(Stored data)
###

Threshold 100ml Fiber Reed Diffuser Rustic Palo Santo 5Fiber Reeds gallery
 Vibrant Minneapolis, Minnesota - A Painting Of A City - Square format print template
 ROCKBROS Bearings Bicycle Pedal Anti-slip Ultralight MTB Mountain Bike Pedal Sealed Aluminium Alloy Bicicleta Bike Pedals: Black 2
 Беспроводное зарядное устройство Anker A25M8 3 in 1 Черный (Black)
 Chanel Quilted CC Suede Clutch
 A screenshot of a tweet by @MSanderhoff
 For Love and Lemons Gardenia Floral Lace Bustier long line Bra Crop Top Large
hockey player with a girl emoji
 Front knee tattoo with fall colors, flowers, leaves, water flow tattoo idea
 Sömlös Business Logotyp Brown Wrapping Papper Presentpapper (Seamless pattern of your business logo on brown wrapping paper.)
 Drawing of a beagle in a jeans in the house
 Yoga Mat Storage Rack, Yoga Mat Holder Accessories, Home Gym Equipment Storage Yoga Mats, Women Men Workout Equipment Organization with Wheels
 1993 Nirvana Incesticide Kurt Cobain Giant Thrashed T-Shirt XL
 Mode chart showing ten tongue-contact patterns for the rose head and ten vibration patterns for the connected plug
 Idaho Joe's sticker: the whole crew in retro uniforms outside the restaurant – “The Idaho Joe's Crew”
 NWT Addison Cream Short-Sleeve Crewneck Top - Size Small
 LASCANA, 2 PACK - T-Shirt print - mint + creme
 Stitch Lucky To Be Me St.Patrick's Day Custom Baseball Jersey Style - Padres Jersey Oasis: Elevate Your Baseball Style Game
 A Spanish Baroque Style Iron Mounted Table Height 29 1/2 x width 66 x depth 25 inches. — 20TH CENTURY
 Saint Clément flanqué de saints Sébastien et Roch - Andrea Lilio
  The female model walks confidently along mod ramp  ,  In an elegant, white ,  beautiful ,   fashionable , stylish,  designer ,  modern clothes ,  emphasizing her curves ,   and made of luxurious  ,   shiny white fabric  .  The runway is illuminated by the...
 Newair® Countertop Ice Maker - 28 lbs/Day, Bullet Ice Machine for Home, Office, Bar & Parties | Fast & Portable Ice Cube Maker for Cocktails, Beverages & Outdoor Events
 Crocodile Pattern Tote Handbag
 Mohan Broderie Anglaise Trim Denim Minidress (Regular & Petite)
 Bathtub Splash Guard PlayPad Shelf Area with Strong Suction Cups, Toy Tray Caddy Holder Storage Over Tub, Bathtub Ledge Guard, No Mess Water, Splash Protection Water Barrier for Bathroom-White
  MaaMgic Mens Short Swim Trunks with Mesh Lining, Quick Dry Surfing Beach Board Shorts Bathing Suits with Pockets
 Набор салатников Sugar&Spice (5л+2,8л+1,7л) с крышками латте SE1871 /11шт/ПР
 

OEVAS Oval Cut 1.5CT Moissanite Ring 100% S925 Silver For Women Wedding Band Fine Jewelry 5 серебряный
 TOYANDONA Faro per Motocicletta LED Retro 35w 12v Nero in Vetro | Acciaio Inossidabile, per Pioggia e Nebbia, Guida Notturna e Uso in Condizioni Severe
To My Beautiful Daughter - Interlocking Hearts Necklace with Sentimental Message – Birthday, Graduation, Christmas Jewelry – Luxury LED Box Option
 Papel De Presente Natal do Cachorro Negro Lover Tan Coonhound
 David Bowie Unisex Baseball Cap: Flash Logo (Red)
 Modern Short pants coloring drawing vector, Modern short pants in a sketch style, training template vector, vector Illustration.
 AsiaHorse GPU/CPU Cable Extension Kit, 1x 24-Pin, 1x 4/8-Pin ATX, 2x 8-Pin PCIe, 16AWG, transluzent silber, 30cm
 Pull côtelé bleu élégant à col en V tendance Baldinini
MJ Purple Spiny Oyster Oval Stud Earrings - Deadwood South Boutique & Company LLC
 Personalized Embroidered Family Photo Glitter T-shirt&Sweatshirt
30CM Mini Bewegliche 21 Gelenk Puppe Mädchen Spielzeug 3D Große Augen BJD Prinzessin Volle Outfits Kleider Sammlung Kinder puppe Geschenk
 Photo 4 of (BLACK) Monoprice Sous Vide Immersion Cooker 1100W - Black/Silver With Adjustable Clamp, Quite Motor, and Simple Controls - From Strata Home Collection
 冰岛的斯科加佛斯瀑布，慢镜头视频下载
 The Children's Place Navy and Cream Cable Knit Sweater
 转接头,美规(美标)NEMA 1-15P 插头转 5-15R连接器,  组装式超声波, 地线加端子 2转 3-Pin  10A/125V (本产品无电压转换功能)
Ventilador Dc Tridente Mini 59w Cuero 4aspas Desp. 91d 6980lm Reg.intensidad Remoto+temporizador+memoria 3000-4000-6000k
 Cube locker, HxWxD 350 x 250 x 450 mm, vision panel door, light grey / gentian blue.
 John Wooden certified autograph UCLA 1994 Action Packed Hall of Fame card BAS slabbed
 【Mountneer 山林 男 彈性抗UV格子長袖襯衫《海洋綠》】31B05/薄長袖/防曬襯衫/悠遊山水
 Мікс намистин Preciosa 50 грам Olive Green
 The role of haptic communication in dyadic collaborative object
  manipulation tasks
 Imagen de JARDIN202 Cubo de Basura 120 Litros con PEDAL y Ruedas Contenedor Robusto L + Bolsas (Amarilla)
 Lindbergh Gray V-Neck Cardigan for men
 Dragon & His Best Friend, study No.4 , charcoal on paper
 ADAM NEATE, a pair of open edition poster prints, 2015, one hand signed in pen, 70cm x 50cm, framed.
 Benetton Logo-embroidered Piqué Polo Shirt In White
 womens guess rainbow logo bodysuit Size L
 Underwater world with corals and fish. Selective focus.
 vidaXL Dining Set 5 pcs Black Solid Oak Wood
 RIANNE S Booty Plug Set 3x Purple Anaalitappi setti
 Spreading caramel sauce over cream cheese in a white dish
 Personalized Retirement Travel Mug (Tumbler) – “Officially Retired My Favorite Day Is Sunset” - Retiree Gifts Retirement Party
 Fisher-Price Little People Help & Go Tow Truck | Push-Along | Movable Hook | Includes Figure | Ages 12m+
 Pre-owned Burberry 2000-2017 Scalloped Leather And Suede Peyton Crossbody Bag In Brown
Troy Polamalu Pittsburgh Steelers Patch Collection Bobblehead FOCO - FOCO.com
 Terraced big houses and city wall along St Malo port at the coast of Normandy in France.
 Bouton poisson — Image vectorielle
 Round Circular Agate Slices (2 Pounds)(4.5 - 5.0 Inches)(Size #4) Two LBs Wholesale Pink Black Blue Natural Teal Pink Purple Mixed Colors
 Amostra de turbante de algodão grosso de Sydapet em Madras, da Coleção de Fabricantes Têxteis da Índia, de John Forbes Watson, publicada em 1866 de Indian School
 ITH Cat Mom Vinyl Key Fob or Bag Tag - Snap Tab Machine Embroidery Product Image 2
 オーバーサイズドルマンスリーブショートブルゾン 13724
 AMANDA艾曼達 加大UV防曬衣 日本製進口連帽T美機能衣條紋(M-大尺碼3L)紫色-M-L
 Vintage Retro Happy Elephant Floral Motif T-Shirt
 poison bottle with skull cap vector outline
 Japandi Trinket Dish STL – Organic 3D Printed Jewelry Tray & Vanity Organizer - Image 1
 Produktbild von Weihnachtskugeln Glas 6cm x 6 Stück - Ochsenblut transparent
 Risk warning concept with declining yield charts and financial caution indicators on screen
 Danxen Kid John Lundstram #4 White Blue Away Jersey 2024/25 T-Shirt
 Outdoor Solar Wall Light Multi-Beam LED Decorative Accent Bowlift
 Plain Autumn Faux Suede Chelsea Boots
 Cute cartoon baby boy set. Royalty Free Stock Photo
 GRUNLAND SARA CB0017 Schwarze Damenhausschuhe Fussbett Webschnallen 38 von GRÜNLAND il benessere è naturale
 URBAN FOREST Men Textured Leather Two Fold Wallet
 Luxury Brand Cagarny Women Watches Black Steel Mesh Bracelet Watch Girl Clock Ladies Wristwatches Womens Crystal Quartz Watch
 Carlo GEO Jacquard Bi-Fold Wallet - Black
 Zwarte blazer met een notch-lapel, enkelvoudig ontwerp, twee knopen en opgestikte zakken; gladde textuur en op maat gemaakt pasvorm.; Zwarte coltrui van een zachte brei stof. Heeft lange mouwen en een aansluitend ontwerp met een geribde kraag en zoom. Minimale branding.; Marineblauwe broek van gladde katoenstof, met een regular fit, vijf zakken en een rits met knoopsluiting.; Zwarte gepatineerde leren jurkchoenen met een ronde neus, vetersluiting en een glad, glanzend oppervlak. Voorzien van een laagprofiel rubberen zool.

###

Exercise instructions: Look through the data above. Copy every line with the string "Machine" in it.

Output of the exercise:
 Newair® Countertop Ice Maker - 28 lbs/Day, Bullet Ice Machine for Home, Office, Bar & Parties | Fast & Portable Ice Cube Maker for Cocktails, Beverages & Outdoor Events
 ITH Cat Mom Vinyl Key Fob or Bag Tag - Snap Tab Machine Embroidery Product Image 2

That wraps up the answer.